Hi , please bear with me, cuz the same problems still there, this time I added some videos, I hope you can see them :

It happens like this:






It happens often, no matter what grind size you start with, after grinding a small amount of coffee, then adjusting to finer, you will hear the chirps all way down to finest "1". However, if you carry on turning the size down, then turn back and forth, to where it has already gone through, there is no chirps, and the chirps back again at exactly where it hasn't been. Switch grinder off and then on, the chirps still. Until it reaches "1" ( will be stay chirping at "1"), or until you grinding another amount.
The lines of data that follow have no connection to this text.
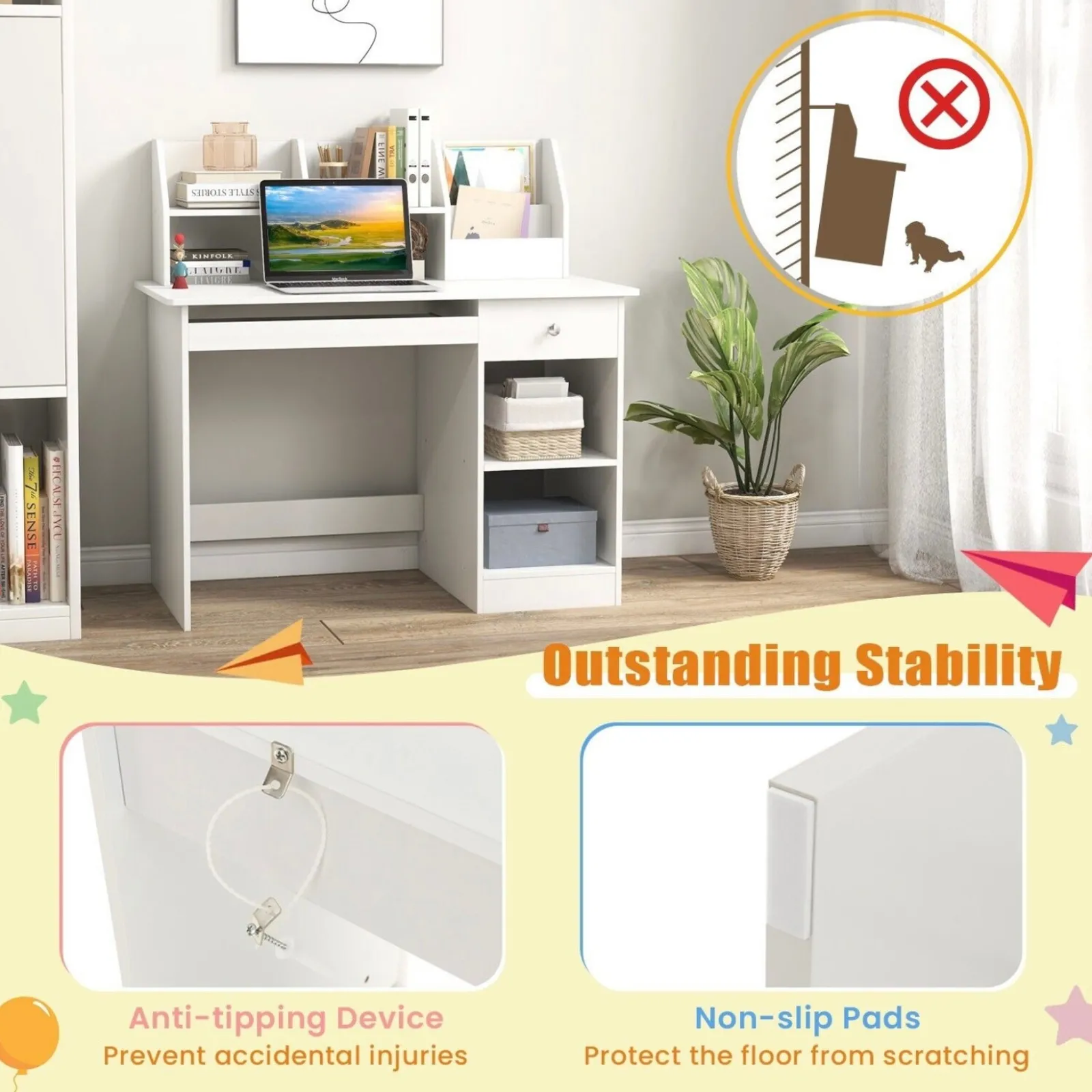 Little Helper Table & Chairs (wooden) | Children's White Homework Desk | Bureau | Storage Shelves & Drawer | 5-14 Years
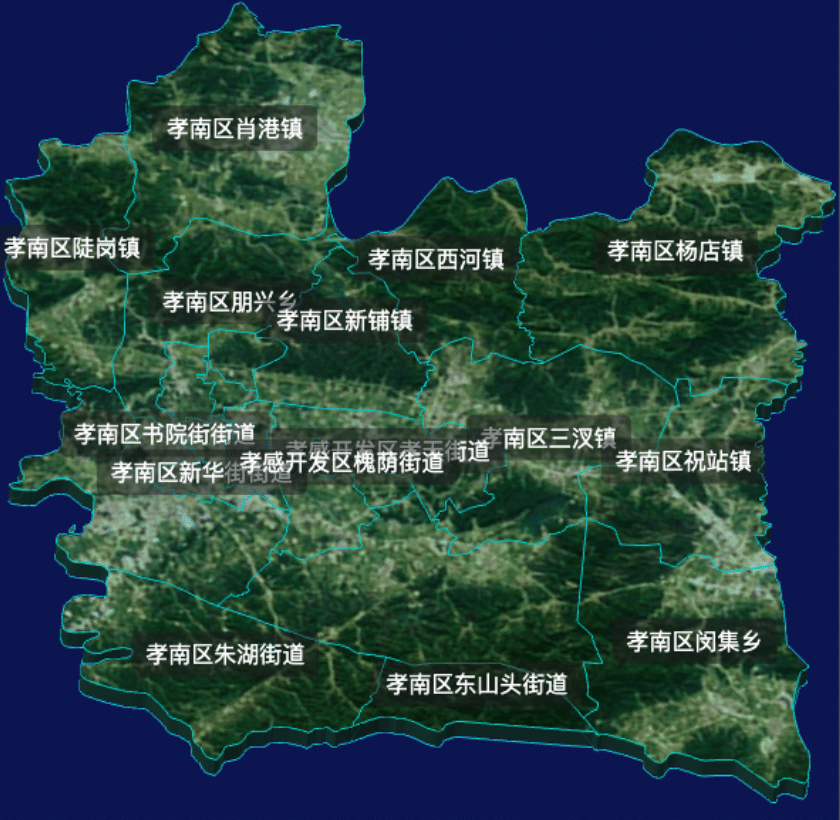 threejs孝感市孝南区geoJson地图3d地图自定义贴图加CSS2D标签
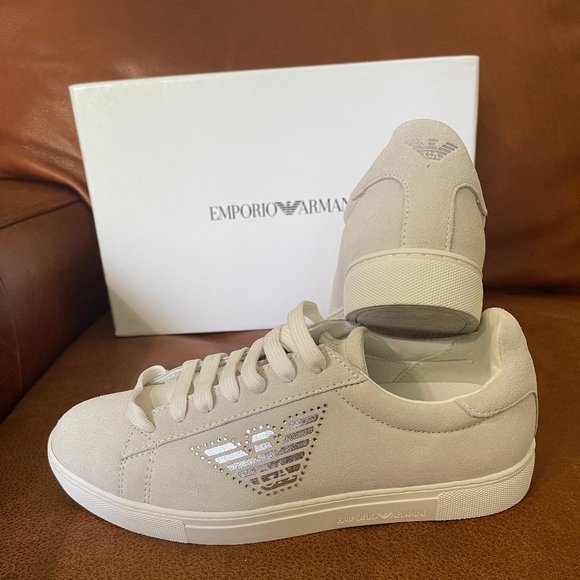 Emporio Armani Shoes | Emporio Armani Women Off White Suede Ace Sneakers X3x104 Size EU 37 US 6M | Color: Silver/White | Size: 6 | Rados1976's Closet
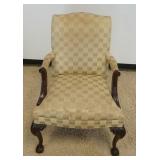 1235	UPHOLSTERED ARM CHAIR, SOME STAINING ON CHAIR SEAT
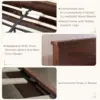 King Farmhouse Wood Bed Frame with Sliding Barn Door Storage Cabinets, Solid Wood Slats Support,  No Box Spring Needed, Brown 5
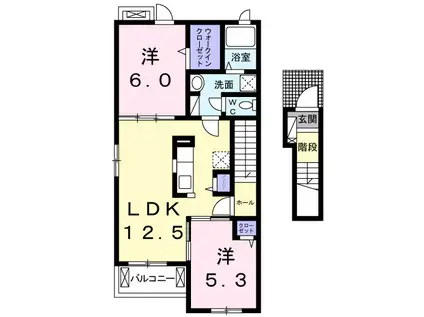 東金線 大網駅 徒歩6分 2階建 築7年(2LDK/2階)の間取り写真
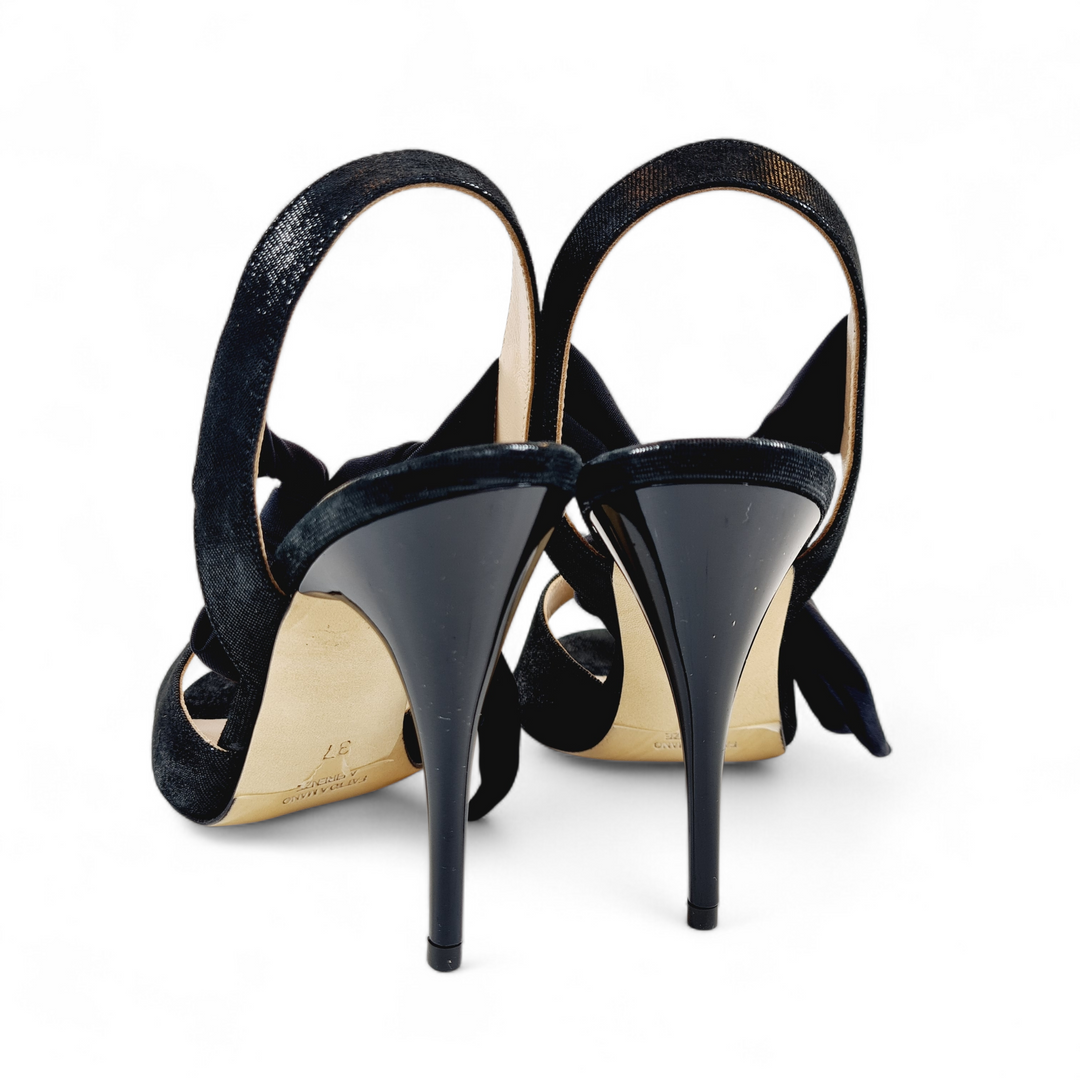 PALOMA  Camoscio Stampato Nero  tacco 10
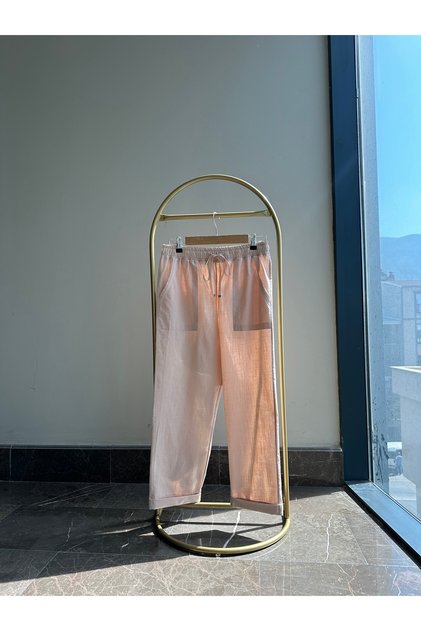 High Waist Pocketed Linen Pants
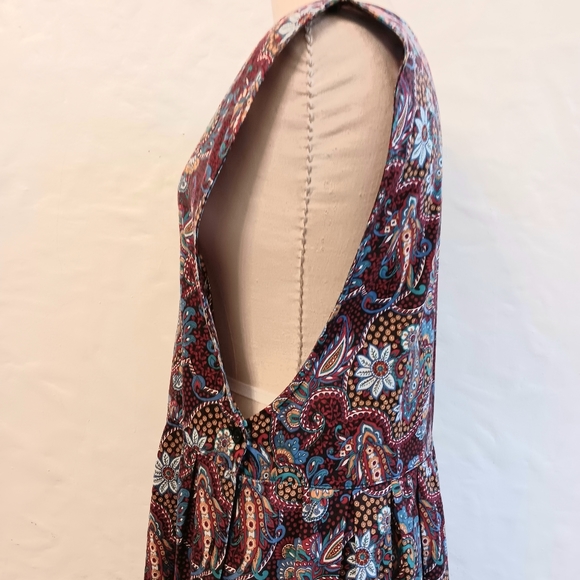 Vintage modest floral pinafore apron dress. Via Sant Andrea. Size 15. Medium. - Picture 16 of 16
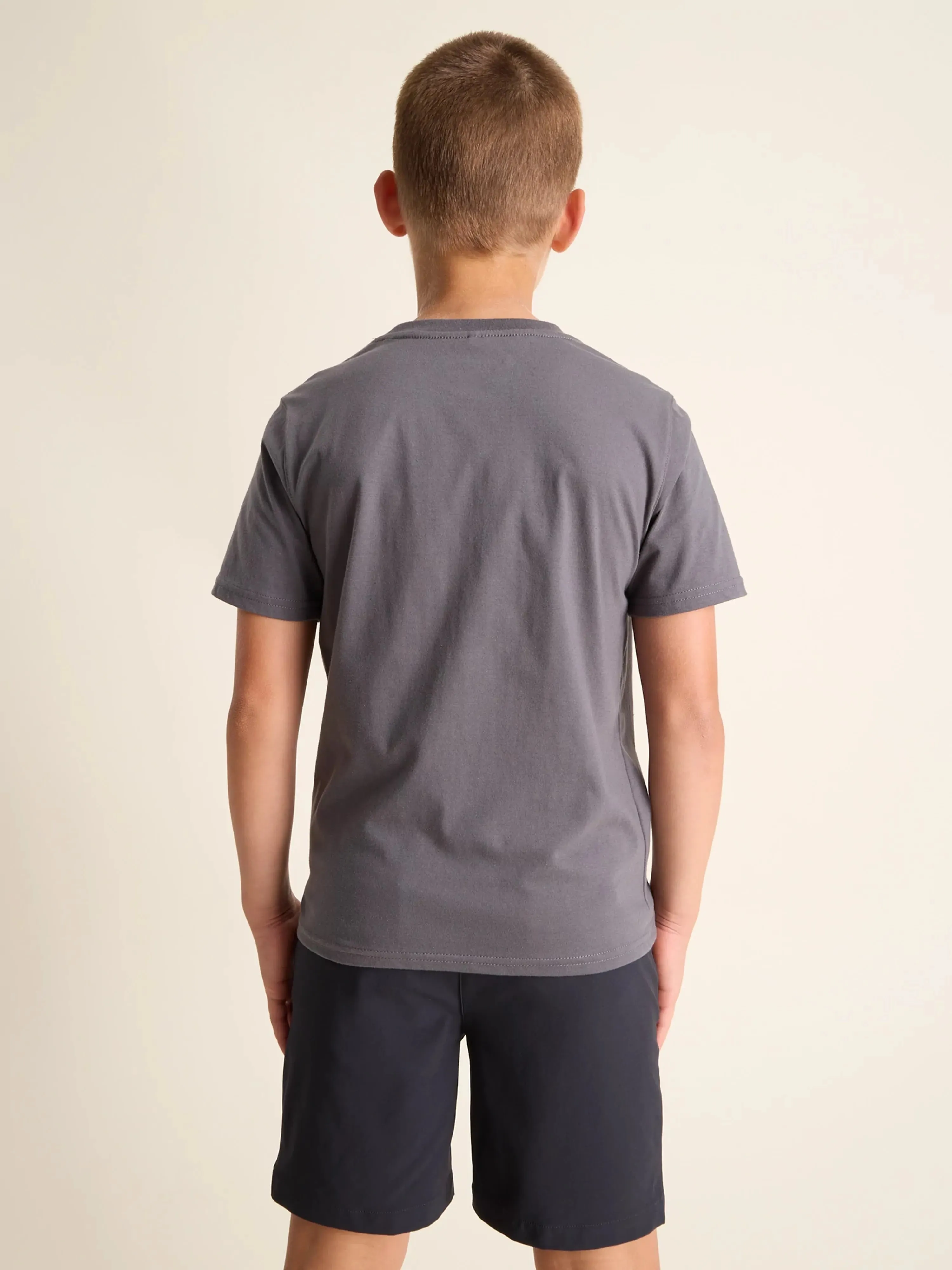 The 70's Sun, Palm & Wave (Boys Non Pocket T-Shirt) - Steel Grey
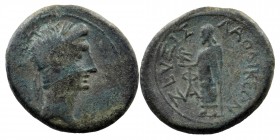PHRYGIA. Laodicea ad Lycum. Augustus (27 BC-14 AD). Ae. Zeuxis Philalethes, magistrate.
Obv:Bare head right; 
Rev: ZEVΞIΣ /ΛAOΔIKEΩN. Zeus stand left ...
Does anyone have an idea why it happens? Is it anything to do with the remaining grounds in the burrs? Or is it from any loosening screws?


----------



## jeebsy (May 5, 2013)

Think it's from bits of coffee stuck in the grinder, mine has always done that, so have others i've used


----------



## the_partisan (Feb 29, 2016)

It's hard to tell in the last video if the burrs are touching or if it's just vibration sounds due to stuck grounds. Does it continue to get louder if you move the dial finer? It should make a sound like this if the burrs are actually touching: 



 Don't worry, you won't damage them.


----------



## yuktsi (Jul 7, 2019)

Hi, did you ever figure out the issue? I am having the exact same issue as my EK43s.


----------



## DavecUK (Aug 6, 2013)

It sounds like there is some backlash/inconsistency in the adjustment. I did take an EK43 to bits a while ago, just to see what they were like inside....


----------



## Terranova (Feb 15, 2014)

yuktsi said:


> Hi, did you ever figure out the issue? I am having the exact same issue as my EK43s.


 I am pretty sure that it is the shear plate touching the front plate.

Take out the shear plate and file it till it is level on both ends coming out.

There was a similar problem here: https://www.home-barista.com/grinders/new-mahlkonig-ek43s-chirping-not-holding-calibration-t56789-10.html


----------